Sudarshan Shetty, Benitha Perciyal, Dia Mehta, Kartik Sood, Sushanta Kumar Maharana and Sonia Mehra Chawla were the other Indian artists presenting their works here. Conspicuous by his absence was Ai Weiwei. This was disappointing. The host country China was represented by 11 artists. On the Indian side, nine artists, conference convenor and editor of publications Manoj Nair, and curator Bose made it 11, a significant number according to Sufi tradition. The Naqshbandi Sufi way sets out 11 veils or principles for practice. Something that was marked in the 11 video installations of an Australian artist titled At the Speed of Light, where he posits the question: what if we could catch the speed of light.
It was even more significant for Yinchuan because Ningxia province, of which it is the capital, has a population that’s around 40 per cent Muslim, their lives and manners deeply influenced by Islamic culture, almost as if they have beckoned a mysticism from the mountains. They have a wonderful masjid—a Taj Mahal made in China—which we were not able to visit (imagine visiting Agra and returning without seeing the Taj). But then, seeing and understanding nearly 110 pieces of contemporary art and attending a two-day conference doesn’t leave much time for sightseeing.
Among the must-sees were Yoko Ono’s Ex-It, 100 coffins with fruit trees growing out of it; Mohammed Kazem’s wooden letters strewn randomly in the lake; Mary Ellen Carroll’s Look Far Away, a reference to US President Kennedy and his wife’s visit to China that was never to be; and Brook Andrew and Lisa Reihana’s works on an installation of images hanging from the ceiling and the other a video, both reminders of cultural appropriation by colonisers in the Pacific Rim.

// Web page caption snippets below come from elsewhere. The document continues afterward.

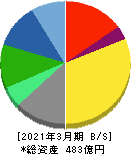 ユシロ化学工業 貸借対照表 2021年3月期 ユシロ化学工業 貸借対照表 2021年3月期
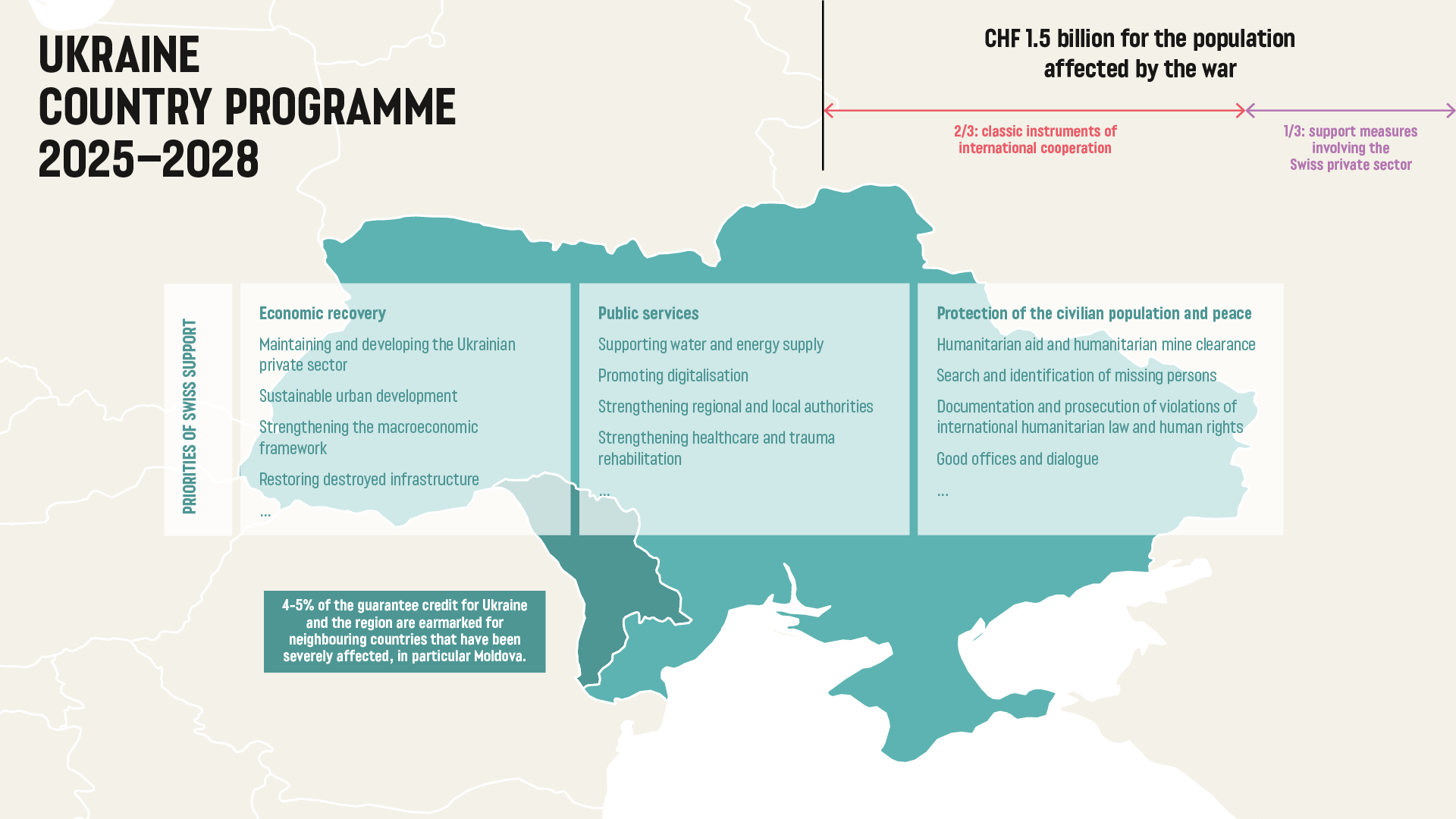 The 2025–28 country programme focuses on three areas: economic recovery, public services and protection of the civilian population and peace.
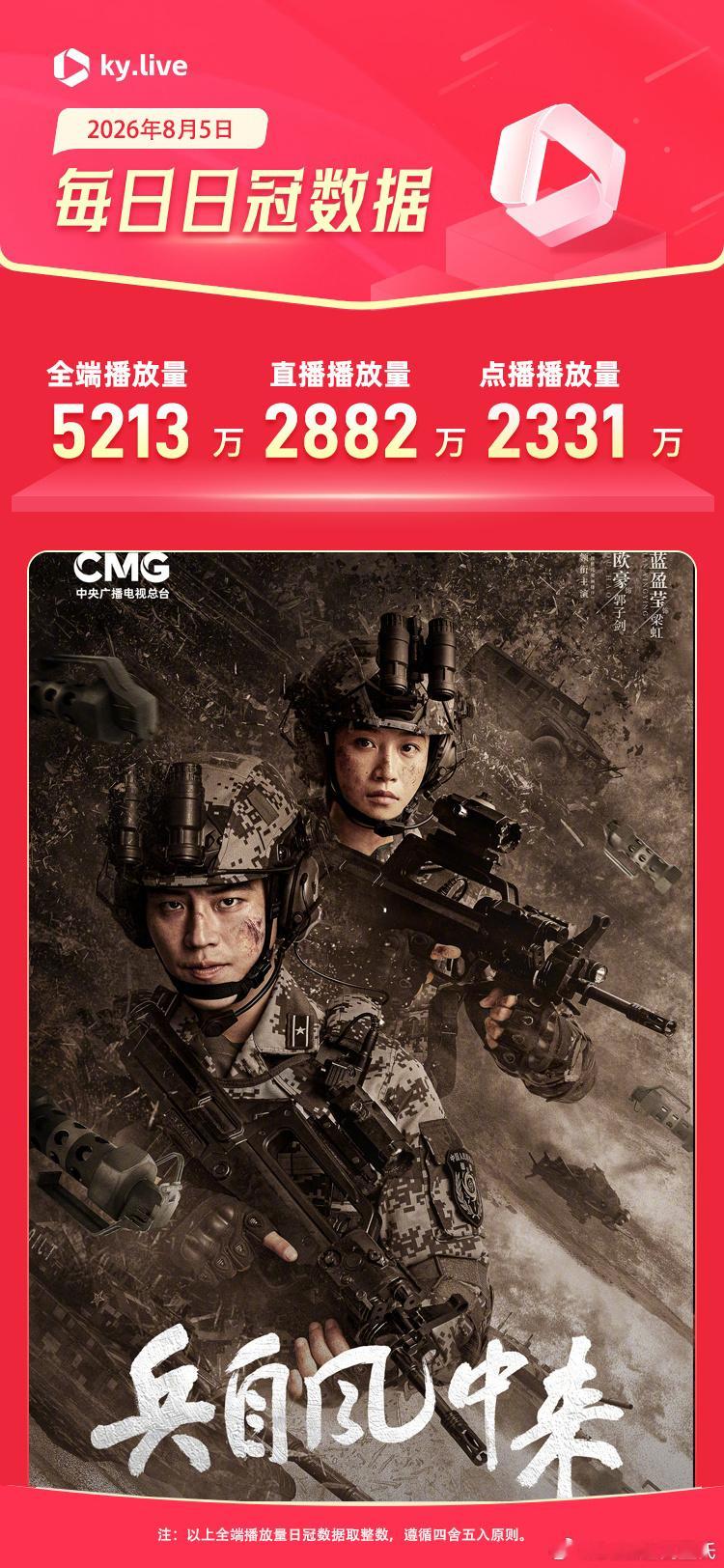 8.5酷云播放量      全端播放量  兵自风中来      5213  23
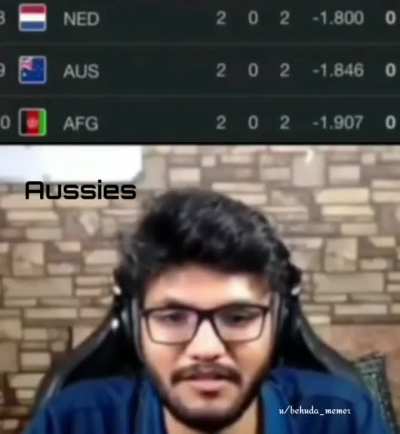 Fear lag rha hai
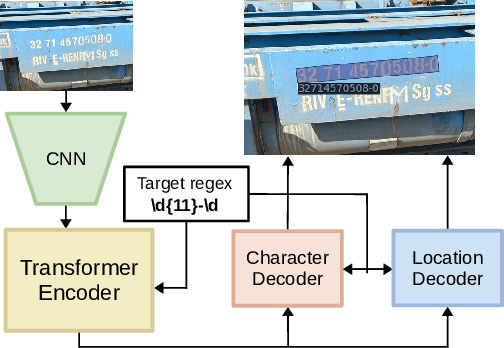 Figure 3 for STEP -- Towards Structured Scene-Text Spotting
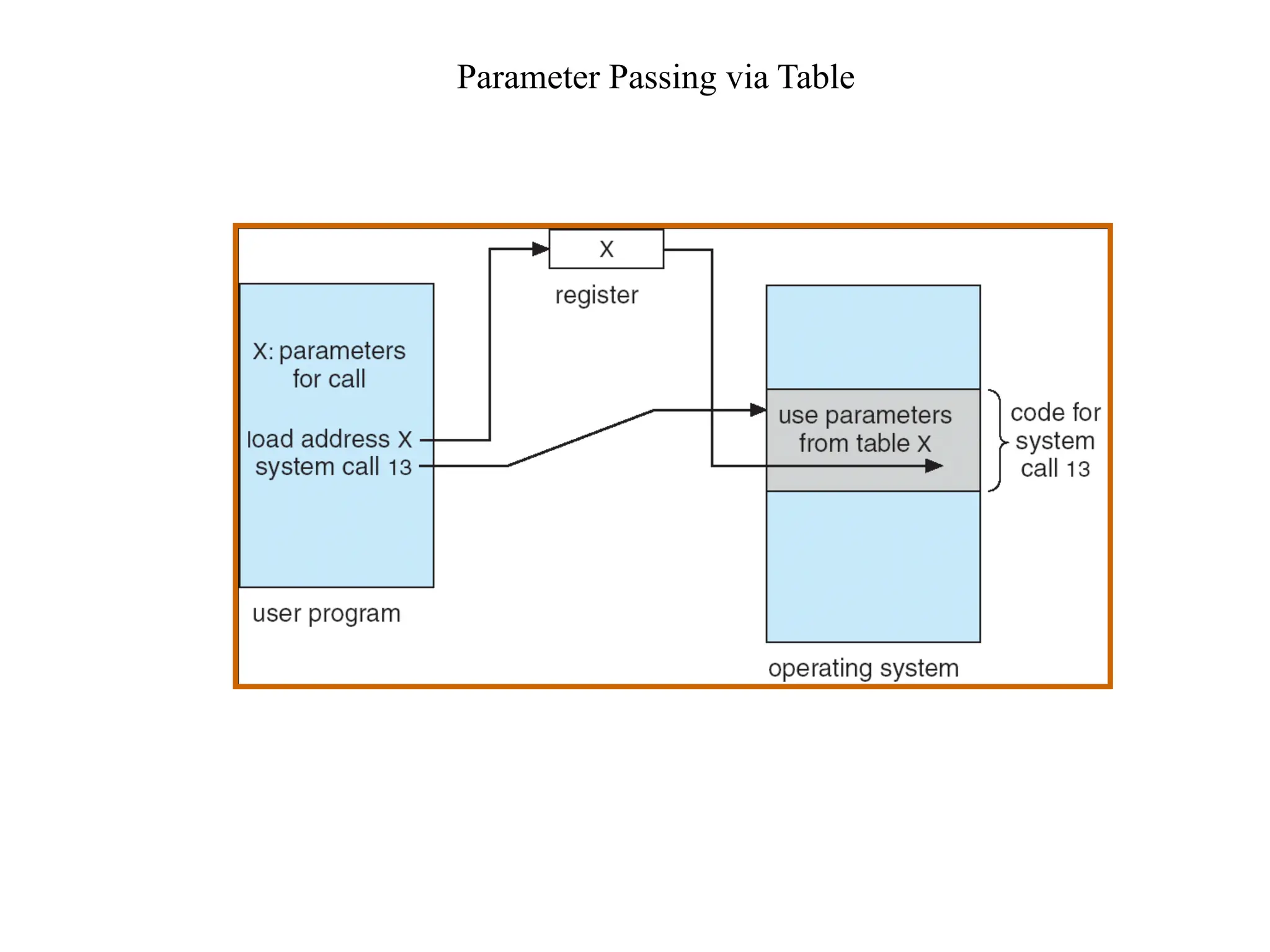 Parameter Passing via Table
 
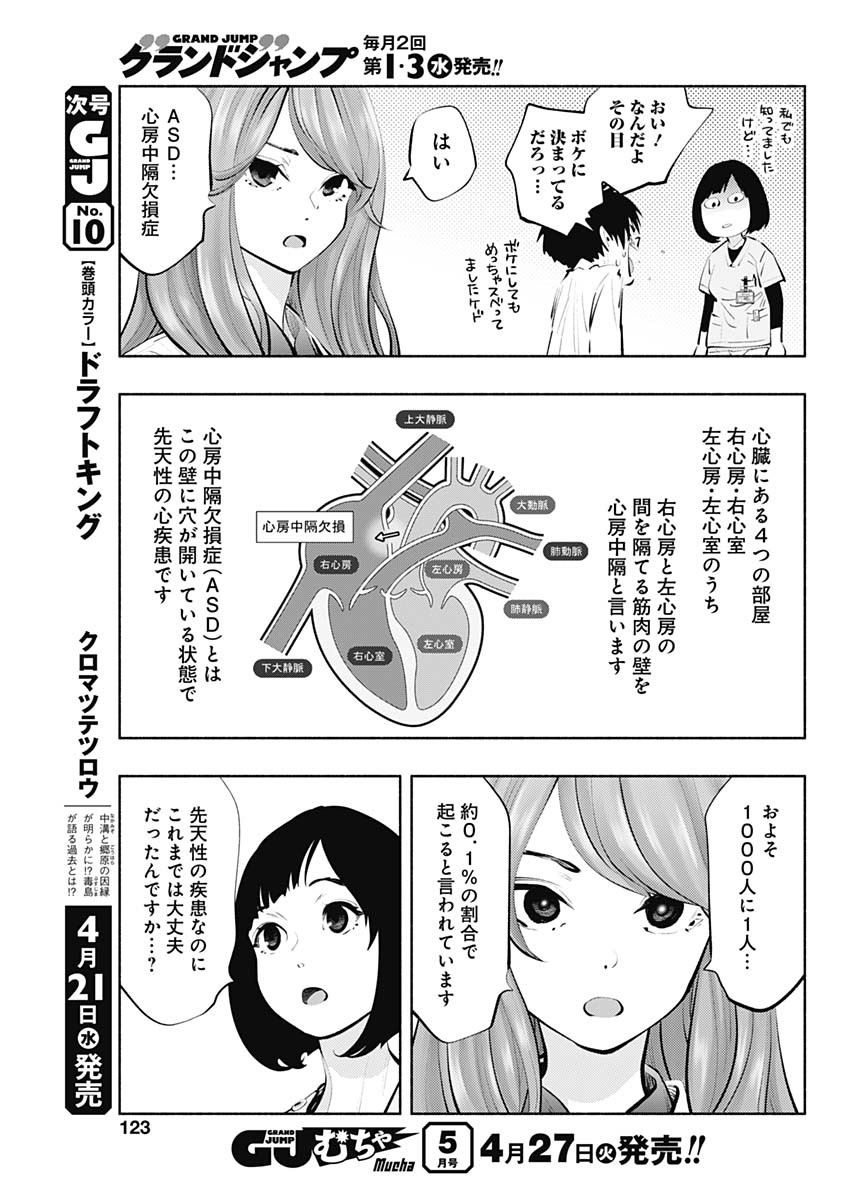 ラジエーションハウス Chap 88 - Next Chap 89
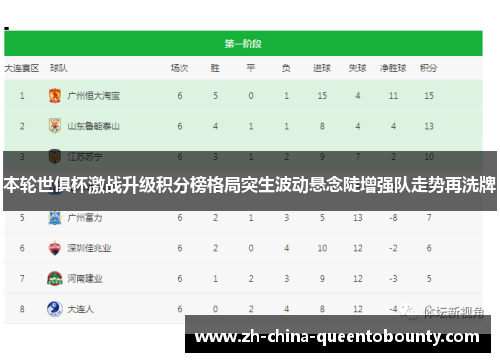 本轮世俱杯激战升级积分榜格局突生波动悬念陡增强队走势再洗牌 本轮世俱杯激战升级积分榜格局突生波动悬念陡增强队走势再洗牌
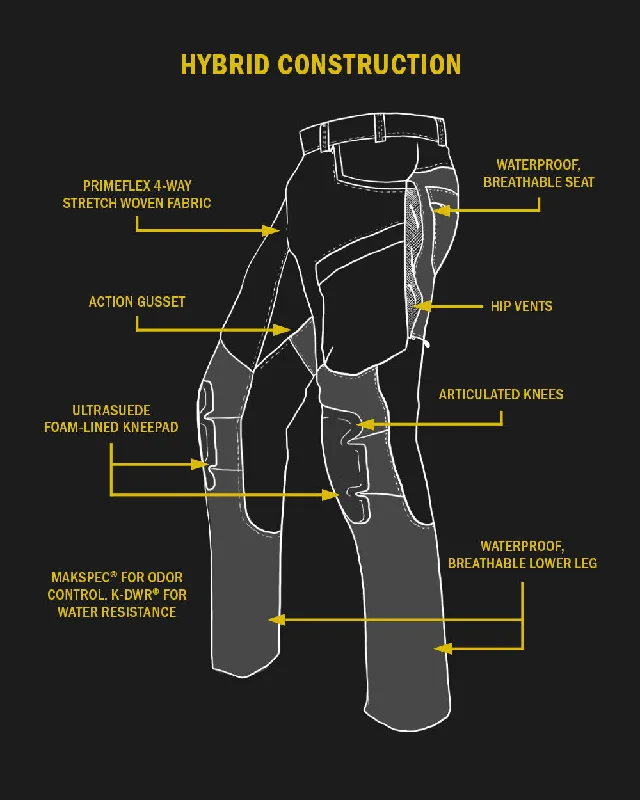 Talus Hybrid Pant | Valo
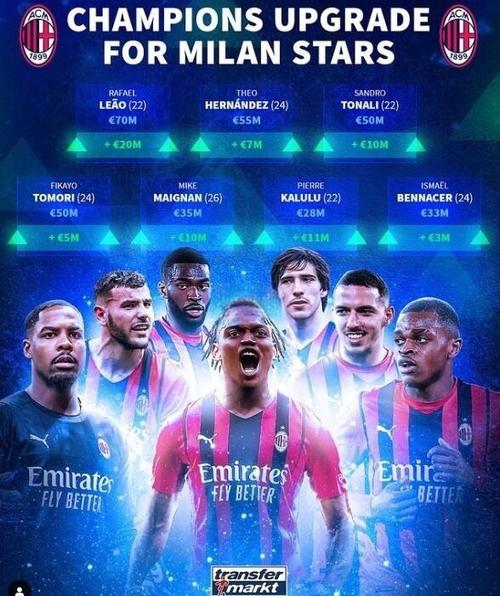 闪耀全场！米兰旧将海于格对阵热刺梅开二度，多项数据领跑全场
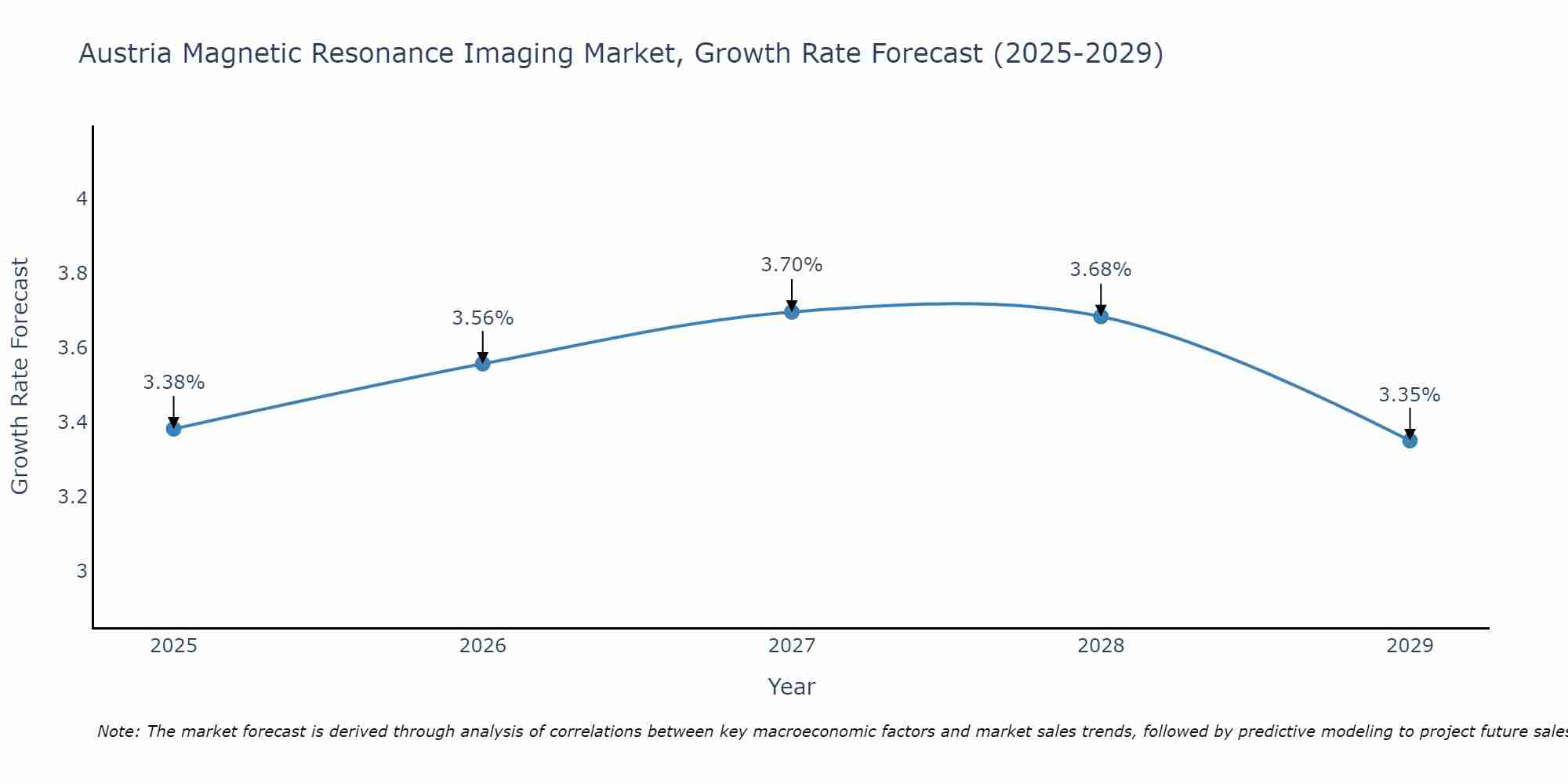 Austria Magnetic Resonance Imaging Market Size Growth Rate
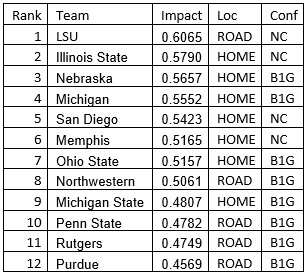 Rank Team Impact Loc Conf 1 LSU 0.6065 ROAD NC 2 Illinois State 0.5790 HOME NC 3 Nebraska 0.5657 HOME B1G 4 Michigan 0.5552 HOME B1G 5 San Diego 0.5423 HOME NC 6 Memphis 0.5165 HOME NC 7 Ohio State 0.5157 HOME B1G 8 Northwestern 0.5061 ROAD B1G 9 Michigan State 0.4807 HOME B1G 10 Penn State 0.4782 ROAD B1G 11 Rutgers 0.4749 ROAD B1G 12 Purdue 0.4569 ROAD B1G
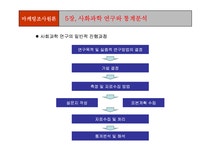 마케팅조사론 통계조사 - 경제경영 마케팅조사론  통계조사 대학레포트 경제경영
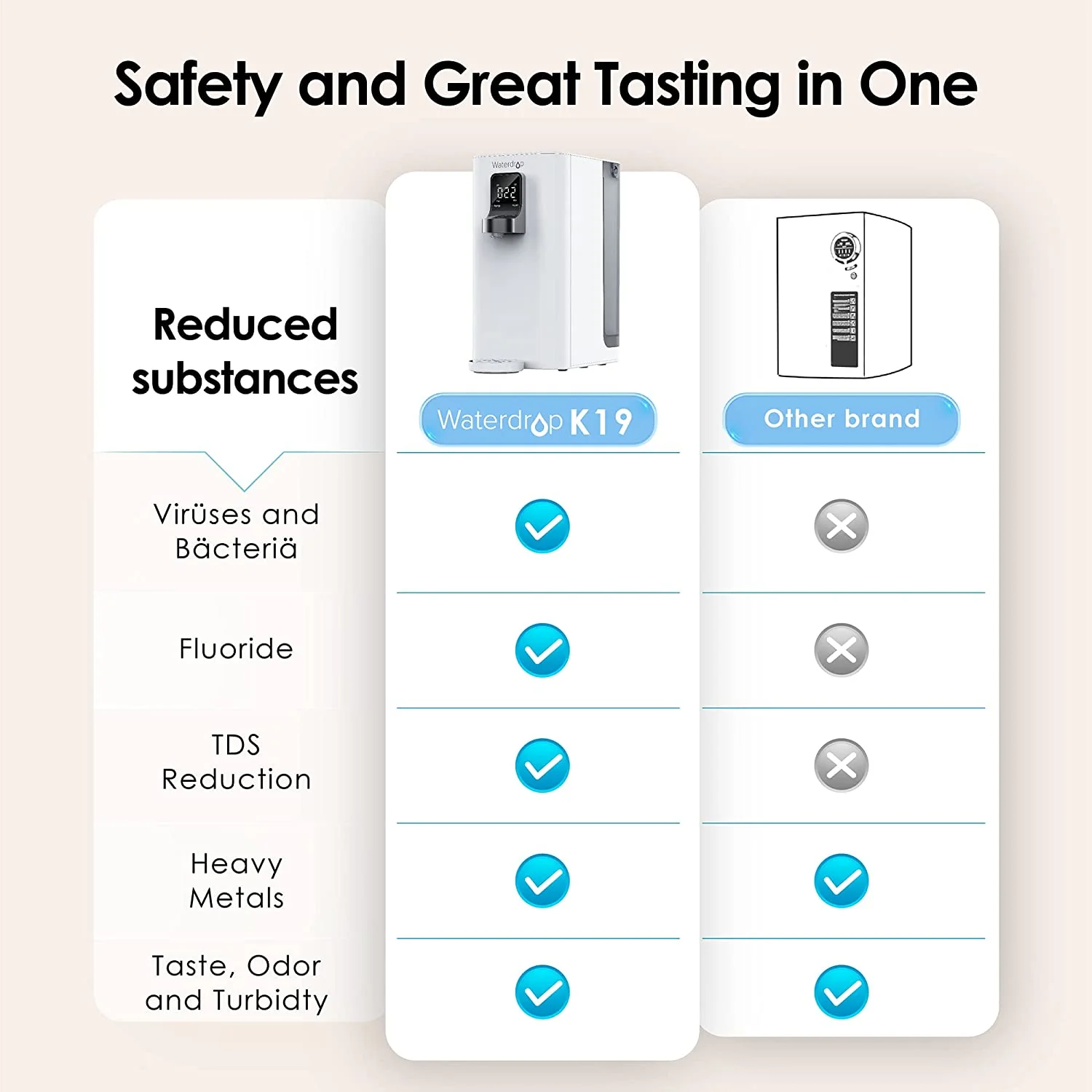 Countertop Reverse Osmosis Water Filter System - Waterdrop K19 - Image 5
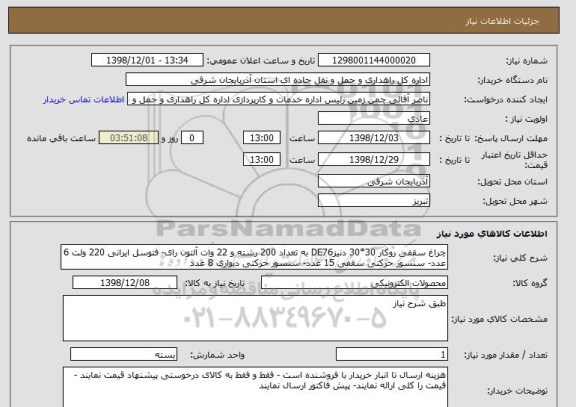 استعلام چراغ سقفی روکار 30*30 دنیزDE76 به تعداد 200 رشته و 22 وات آلتون رای- فتوسل ایرانی 220 ولت 6 عدد- سنسور حرکتی سقفی 15 عدد- سنسور حرکتی دیواری 8 عدد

What stood out was the courage of two women—artistic director Suchen Hsieh and director Wenjin Liu—in envisioning a festival like this in a place as remote as Yinchuan. Like Bose, they believe that if China and India cooperate and collaborate in the world of art and culture, then together they could emerge as an unsurpassable soft power—an image faster than light. To borrow from one of the sessions of the conference, this is the best thing one can do with the gift of the rest of your life.